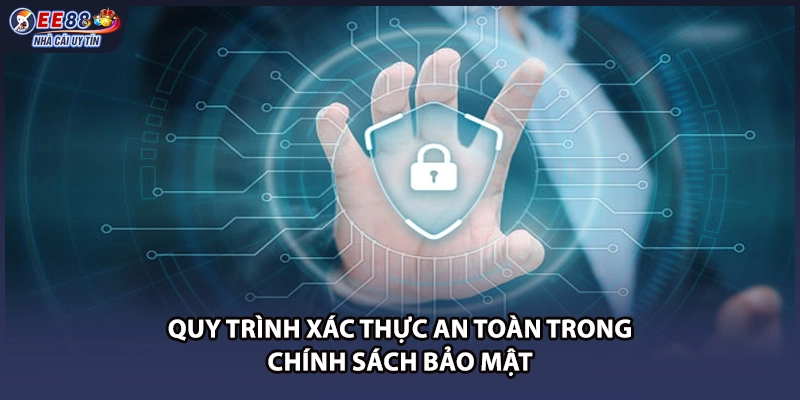 Quy trình xác thực an toàn trong chính sách bảo mật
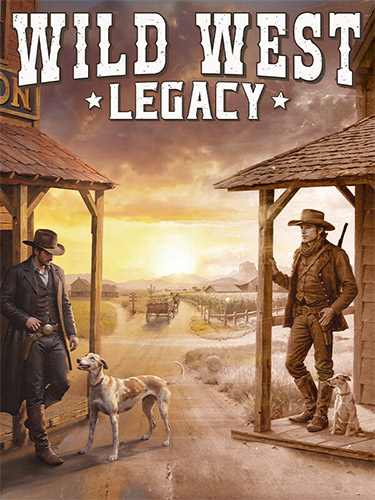 Wild West Legacy: Digital Supporter Edition [v 1.0.9747 + DLCs] (2024) PC | RePack from FitGirl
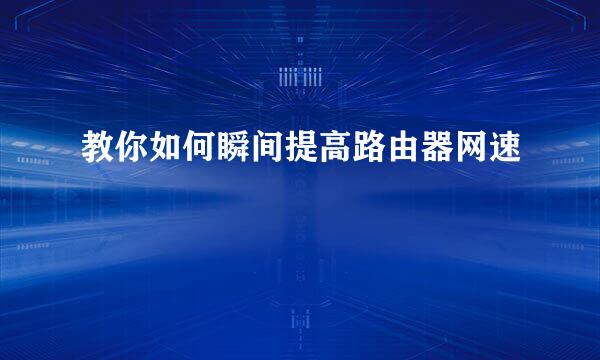 教你如何瞬间提高路由器网速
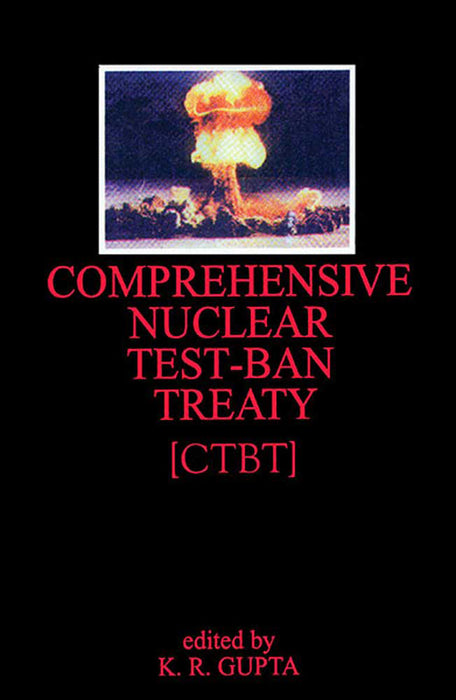 Comprehensive Nuclear Test-Ban Treaty [Ctbt] by K.R. Gupta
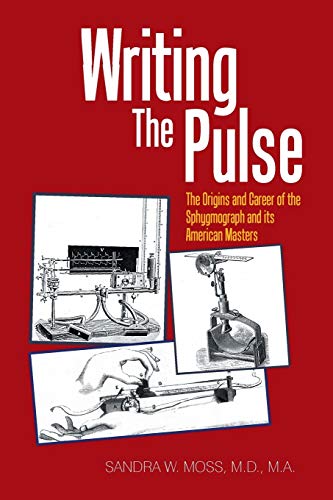 WRITING THE PULSE: THE ORIGINS AND CAREER OF THE SPHYGMOGRAPH AND ITS AMERICAN MASTERS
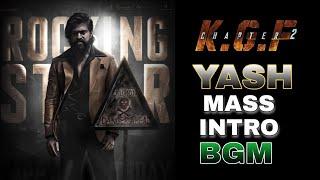 KGF - Chapter 2 | Rocky Bhai Yash Mass Intro Bgm | Yash| Ravi Basur | Prashanth Neel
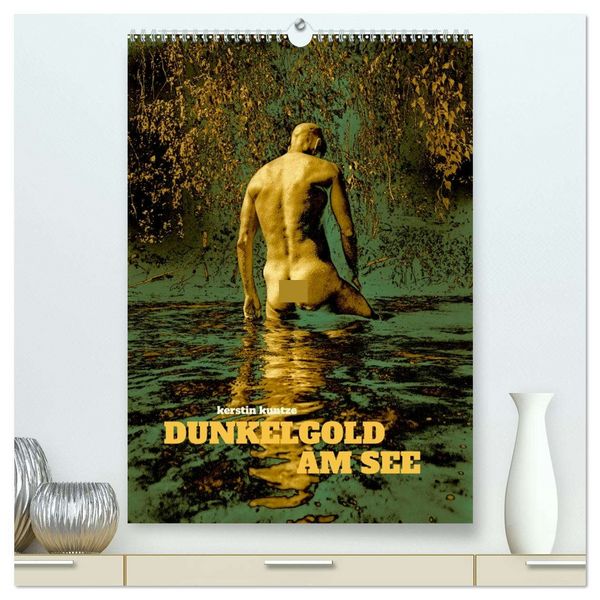 Produktbild: DUNKELGOLD AM SEE (hochwertiger Premium Wandkalender 2026 DIN A2 hoch), Kunstdruck in Hochglanz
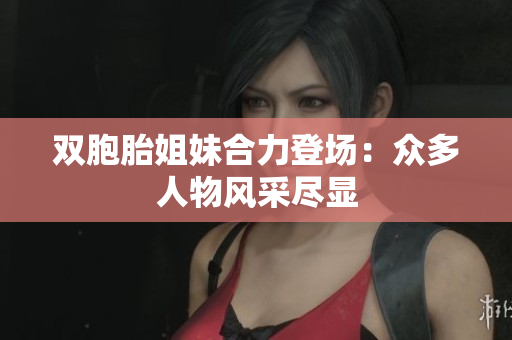 双胞胎姐妹合力登场：众多人物风采尽显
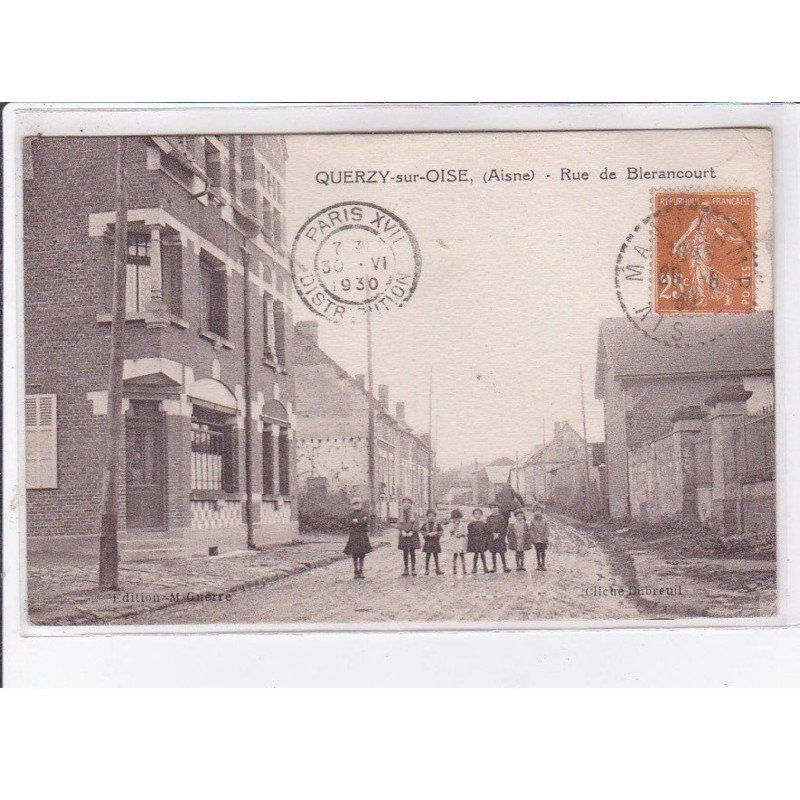 QUERZY-sur-OISE: rue de blerancourt - état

# About this task:
Copy the lines exactly as they appear from the opening of the entries above through the line with "KGF - Chapter", excluding all pictures.

# Answer space:
 Quy trình xác thực an toàn trong chính sách bảo mật
 Wild West Legacy: Digital Supporter Edition [v 1.0.9747 + DLCs] (2024) PC | RePack from FitGirl
 教你如何瞬间提高路由器网速
 Comprehensive Nuclear Test-Ban Treaty [Ctbt] by K.R. Gupta
 WRITING THE PULSE: THE ORIGINS AND CAREER OF THE SPHYGMOGRAPH AND ITS AMERICAN MASTERS
 KGF - Chapter 2 | Rocky Bhai Yash Mass Intro Bgm | Yash| Ravi Basur | Prashanth Neel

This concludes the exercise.